Le style de dessin est du shojo classique, les visages longs, au menton un peu pointus, les grands yeux, les détails des cheveux. On est surtout focalisés sur les personnages, mais j’ai beaucoup aimé certains éléments du décor, comme dans l’animé, celui de la tour des duels et du château d’illusion.

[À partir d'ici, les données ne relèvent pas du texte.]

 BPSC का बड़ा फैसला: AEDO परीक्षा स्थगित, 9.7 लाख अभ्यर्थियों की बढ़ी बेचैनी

Il y a un élément qui me dérange fondamentalement dans l’intrigue. Pour venger une amie, Utena provoque en duel le jeune homme qui l’a humiliée, mais celui-ci accepte sans comprendre exactement la raison (il s’en fiche un peu, de la raison et de l’amie, en fait). Saionji l’attaque avec une véritable épée contre celle en bambou de la jeune fille, une épée prise dans le corps d’Anthy, la fiancée de la rose, qui lui appartient tant qu’il n’a pas été vaincu en duel … une fois victorieuse, Utena reçoit la propriété d’Anthy à son tour. Vous voyez mon problème, qui est aussi celui de l’héroïne : personne n’a à posséder un autre être humain, encore moins cette personne être forcée à faire tout ce que son « fiancé » exige d’elle. Utena continuera les duels principalement pour empêcher Anthy de tomber entre de mauvaises mains.

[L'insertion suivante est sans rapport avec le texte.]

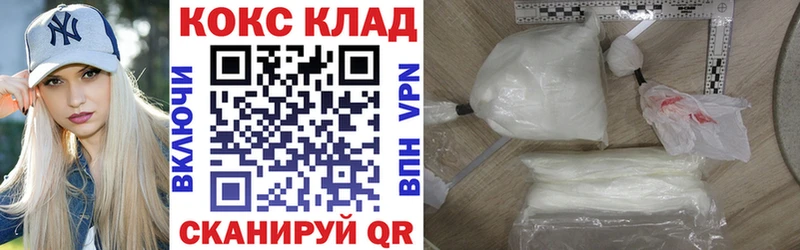 Купить Лабытнанги Cocaine Боливия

Anthy, en tant que personnage, est impossible. Elle est ultra passive, et fait plus pot de fleur que personnage, se contentant de sourire et d’obéir. Tôga, celui qui donne à Utena les explications sur les lettres et les duels, malgré son côté séducteur qui l’agace profondément, me plaît beaucoup. Saionji se comporte comme un parfait enfoiré, à maltraiter Anthy, et on se contente d’apercevoir les autres duellistes (deux, je crois) qui prendront plus d’importance par la suite. Utena est pleine de caractère, et j’ai pris plaisir à la suivre. A voir si cette impression positive se poursuivra par la suite ^^

Nombre de tomes parus : 5 (série finie).